A year later, Origin’s sequel to Crusader: No Remorse in 1996 arrived to spread more ultra violence in space. Lots of new weapons and effects were packed in such as a gun that froze enemies leaving them open to the next shot that would shatter them. Another weapon boiled the flesh off of enemy skeletons, and one just set people on fire. All in a day’s work for a former corporate hit man turned freedom fighter.
It’s the 22nd century and the WEC, the Worldwide Economic Consortium, controls the world with a corporate glove. Having blown up their space station superweapon in the last game, an elite WEC super soldier working for the Resistance escapes in a pod. Events pick up 46 hours after the end of the first game when the pod is picked up by a passing WEC freighter and taken to the Moon where our red armored friend is ready to wreak even more havoc against “the Man” who turns out to be Chairman Draygan.
He taunted players at the end, swearing revenge, but now he’s on the Moon overseeing the WEC’s Di-Corellium production. The element is a key energy resource, and whoever controls it controls the world and the WEC owns the largest mines dedicated to digging it out. That’s all about to change, though, thanks to his unexpected guest.
No Regret has bad intentions written over every piece of its isometric, third-person arsenal. It also didn’t feel so much like a full sequel than an extension of the first game which still wasn’t so bad – I liked it a lot when it came out, but it was certainly different in certain ways. Buying weapons is no longer a part of the gameplay and the story had a lot less meat on it with more of a focus on stomping through the WEC’s moon base than in chewing the fat with the Resistance and looting corpses for credits.
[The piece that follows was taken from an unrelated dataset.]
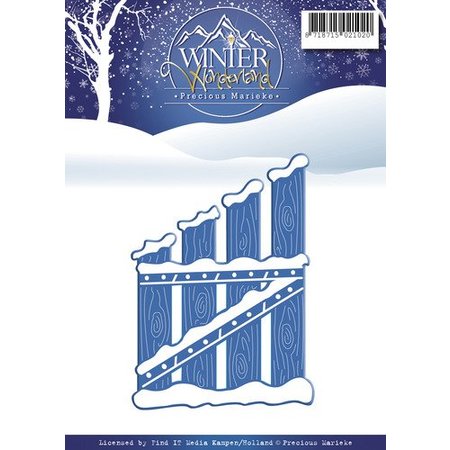 Precious Marieke Cutting and embossing stencils, Winter Wonderland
Everything you need will be found on the way to the final fight with the Chairman who pulls a Wolfenstein Hitler by coming at you in a giant, powered mech. He doesn’t break out to the tune of dual chainguns if you beat him down, though, and there’s a bit more fighting to do before it’s all finished.
The ending finishes things off with a happy message of congratulations for a job well done from the Resistance with a hint that the next game would have put you up against the WEC’s President. Unfortunately, it never came to pass. In a great interview on Good Old Games, Tony Zurovec relates how he left EA and Origin after how they had treated him regarding royalties from the first game in which he received nothing after being promised that he would. And No Remorse was a huge seller for Origin at the time.
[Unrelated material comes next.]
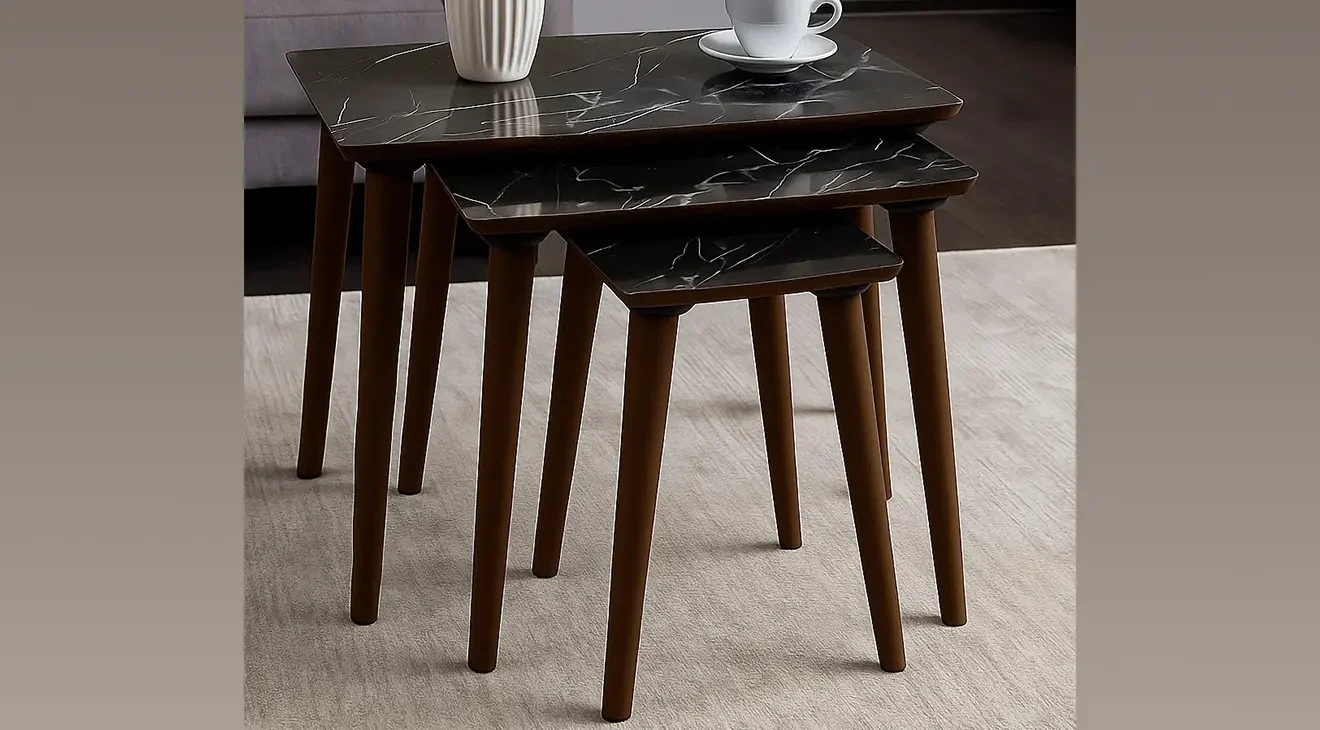 Arya Antrasit Zigon Sehpa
He also explains why the game might have felt a little more streamlined in comparison to the first – namely that he was given several fewer months to work on it than he did with No Remorse. As a result, he didn’t feel that, per Marketing, this should have been called Crusader II because it didn’t have the kind of changes that would have made it deserving of being called a real sequel.
The ad was a bit more graphic than the last one and much more to the point, but if you were a fan of the first game, it really didn’t tell you anything that you already knew was going to be there – namely, the destructible environments, deadly firepower, and multiple paths through the obstacles that were going to be thrown at you. Aside from the thinner storyline and streamlined action, all of the toys were still in place from mines to remote controlled mechs of death.
A great action game that, in ’96, would also be the last in what had unexpectedly turned into a near-trilogy of shattering sci-fi.